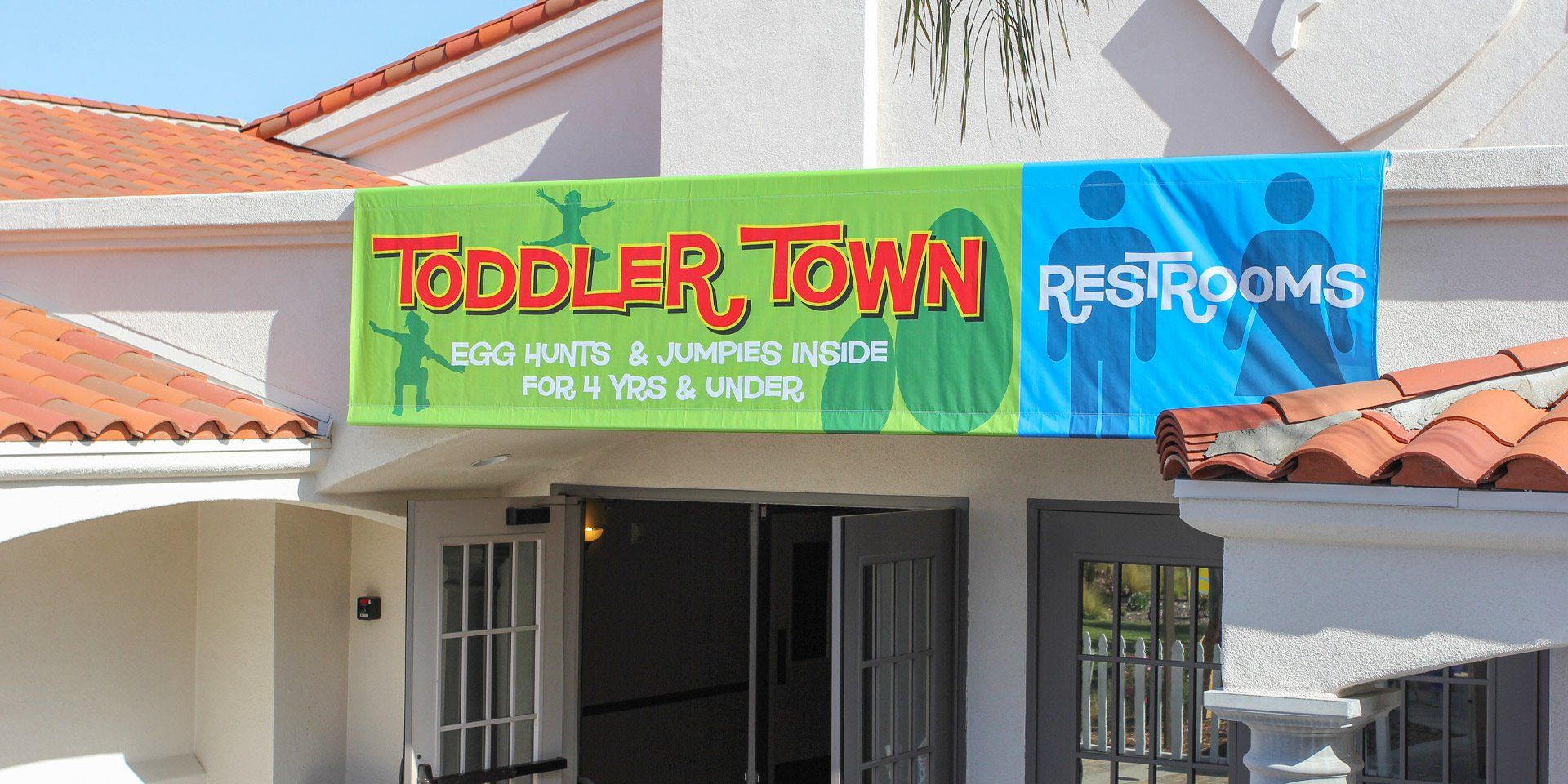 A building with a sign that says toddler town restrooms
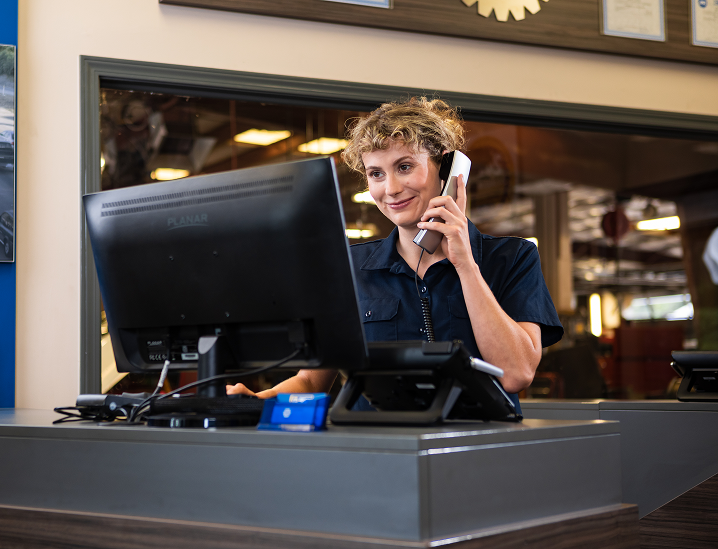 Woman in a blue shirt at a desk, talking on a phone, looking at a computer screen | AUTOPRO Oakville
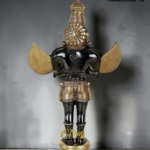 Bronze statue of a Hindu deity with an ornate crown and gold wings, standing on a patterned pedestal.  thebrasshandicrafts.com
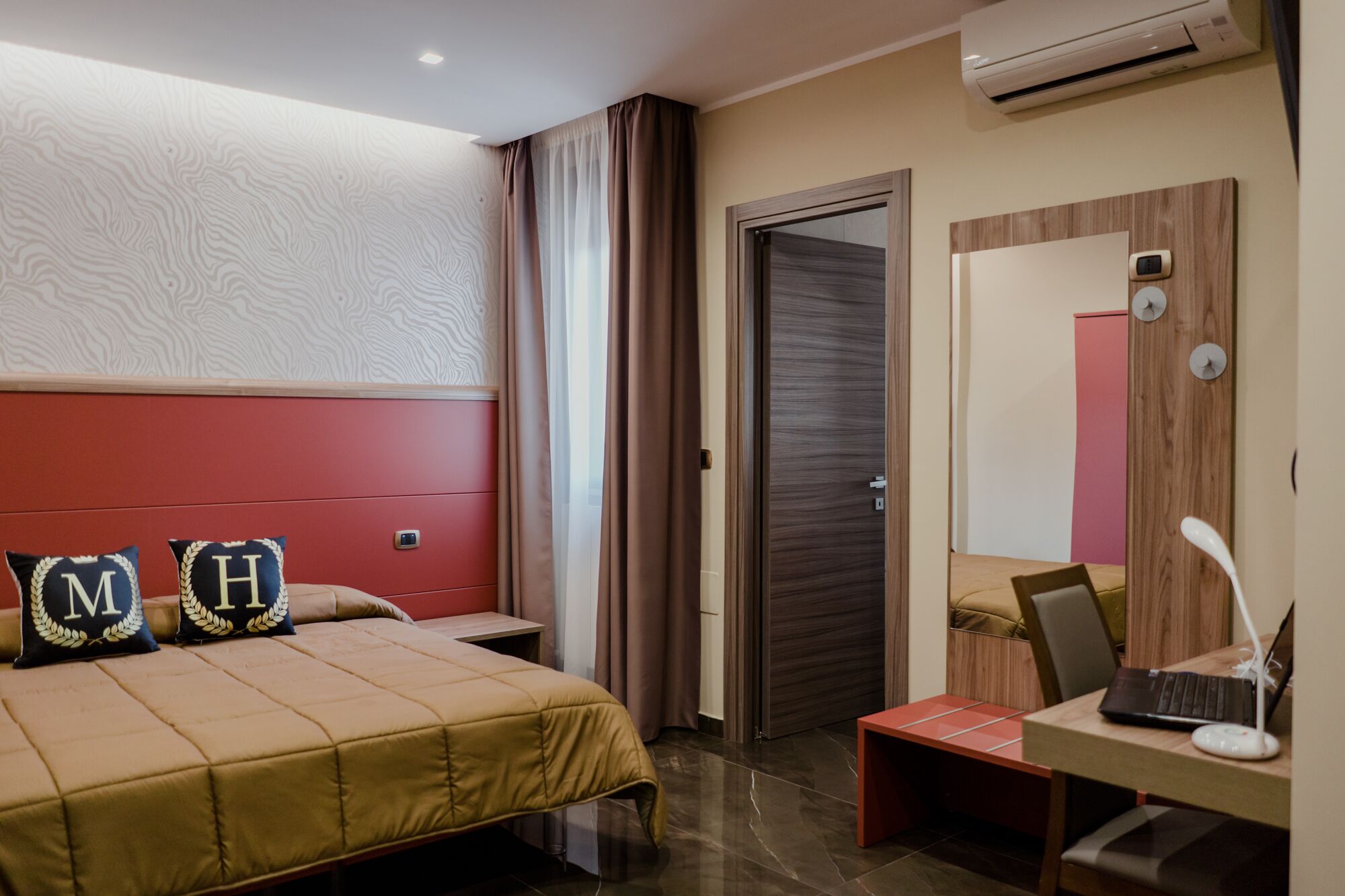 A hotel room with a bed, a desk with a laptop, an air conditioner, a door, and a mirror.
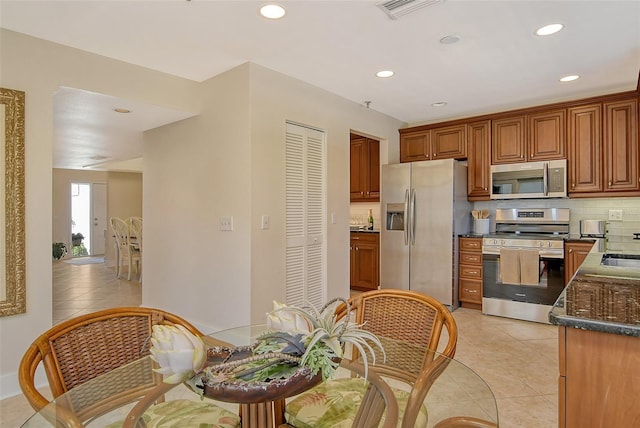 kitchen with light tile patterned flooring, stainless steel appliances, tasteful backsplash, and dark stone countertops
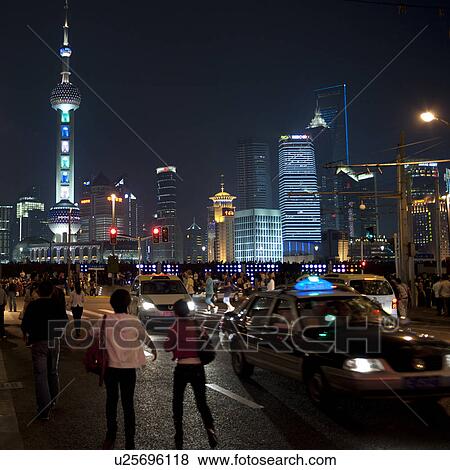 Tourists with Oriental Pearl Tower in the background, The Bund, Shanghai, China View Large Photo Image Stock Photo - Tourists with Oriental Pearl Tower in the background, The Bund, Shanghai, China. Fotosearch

■ **About this task**: Return the records verbatim, minus pictures.

■ **Task output**:
 A building with a sign that says toddler town restrooms
 Woman in a blue shirt at a desk, talking on a phone, looking at a computer screen | AUTOPRO Oakville
 Bronze statue of a Hindu deity with an ornate crown and gold wings, standing on a patterned pedestal.  thebrasshandicrafts.com
 A hotel room with a bed, a desk with a laptop, an air conditioner, a door, and a mirror.
 kitchen with light tile patterned flooring, stainless steel appliances, tasteful backsplash, and dark stone countertops
 Tourists with Oriental Pearl Tower in the background, The Bund, Shanghai, China View Large Photo Image Stock Photo - Tourists with Oriental Pearl Tower in the background, The Bund, Shanghai, China. Fotosearch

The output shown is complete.